The daily lowdown on books, publishing, and the occasional author behaving badly.

  • Ig Publishing's new imprint, Lizzie Skurnick Books, will publish forgotten young adult novels, beginning with Debutante Hill by Lois Duncan, which was originally published in 1958. Publisher's Weekly quotes Ig co-founder Robert Lasner as saying the imprint will "bring back the very best in young adult literature, from the classics of the 1930s and 1940s, to the thrillers and social novels of the 1970s and 1980s."

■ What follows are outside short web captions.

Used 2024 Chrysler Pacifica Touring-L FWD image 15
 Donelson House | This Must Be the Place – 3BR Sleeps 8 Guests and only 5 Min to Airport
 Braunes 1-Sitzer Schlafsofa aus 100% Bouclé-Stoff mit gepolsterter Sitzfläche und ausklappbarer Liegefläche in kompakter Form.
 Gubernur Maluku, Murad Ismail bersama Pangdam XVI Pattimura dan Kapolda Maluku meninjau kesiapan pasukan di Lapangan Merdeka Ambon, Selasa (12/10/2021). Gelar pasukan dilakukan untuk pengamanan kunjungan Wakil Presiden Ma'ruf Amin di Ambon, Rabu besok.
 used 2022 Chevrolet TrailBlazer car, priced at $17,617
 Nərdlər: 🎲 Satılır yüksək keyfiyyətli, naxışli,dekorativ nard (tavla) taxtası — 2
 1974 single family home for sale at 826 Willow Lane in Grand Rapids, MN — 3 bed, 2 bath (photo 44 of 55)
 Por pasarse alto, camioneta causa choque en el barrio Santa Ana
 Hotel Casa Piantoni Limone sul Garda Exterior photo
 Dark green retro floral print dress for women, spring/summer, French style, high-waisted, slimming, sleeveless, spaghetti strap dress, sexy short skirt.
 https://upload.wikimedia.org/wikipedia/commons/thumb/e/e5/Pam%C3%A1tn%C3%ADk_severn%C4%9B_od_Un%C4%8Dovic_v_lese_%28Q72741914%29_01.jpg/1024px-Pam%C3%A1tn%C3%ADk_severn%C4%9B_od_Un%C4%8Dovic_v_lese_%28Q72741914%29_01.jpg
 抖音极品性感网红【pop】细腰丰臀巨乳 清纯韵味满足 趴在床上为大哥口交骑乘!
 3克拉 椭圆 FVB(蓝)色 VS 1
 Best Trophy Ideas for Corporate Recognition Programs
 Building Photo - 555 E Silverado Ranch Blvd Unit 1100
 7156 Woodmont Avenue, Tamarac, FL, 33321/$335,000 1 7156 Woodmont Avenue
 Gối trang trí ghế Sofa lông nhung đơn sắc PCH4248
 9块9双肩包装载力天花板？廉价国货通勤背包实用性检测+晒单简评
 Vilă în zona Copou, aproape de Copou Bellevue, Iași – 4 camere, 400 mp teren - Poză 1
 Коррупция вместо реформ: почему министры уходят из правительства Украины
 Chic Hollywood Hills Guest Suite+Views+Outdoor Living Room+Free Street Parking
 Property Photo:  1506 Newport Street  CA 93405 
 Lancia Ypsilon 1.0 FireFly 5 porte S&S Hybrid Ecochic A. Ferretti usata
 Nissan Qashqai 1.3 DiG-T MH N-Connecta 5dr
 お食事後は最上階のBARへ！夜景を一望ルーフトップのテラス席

  • Isabel Allende, the 70-year-old Chilean novelist, had an unexpectedly racy interview with The New York Times. Asked what fictional character she would most like to meet, she answered: "Zorro, of course. If possible, at night and in bed, with the mask but not the whip."
  • Roger Ebert, who died Thursday, was not only a film critic, but also a writer of fiction. Read his short story "The Thinking Molecules of Titan" at The New Yorker.
  • Cat Marnell, writer, socialite and former beauty editor at xoJane, is coming out with a memoir, and BuzzFeed got hold of the proposal, which is heavy on drug use and the word "swag."
  • A Series of Unfortunate Events author Lemony Snicket (whose real name is Daniel Handler) is taking over the Twitter account of Huffington Post Books today. He'll be answering questions about fear, in honor of his newest book, The Dark, about a little boy who is afraid of it.
  • But at Slate, Jacob Silverman is tired of the "lit world's online slumber party," arguing in an article last year that social media inhibits a lively literary culture.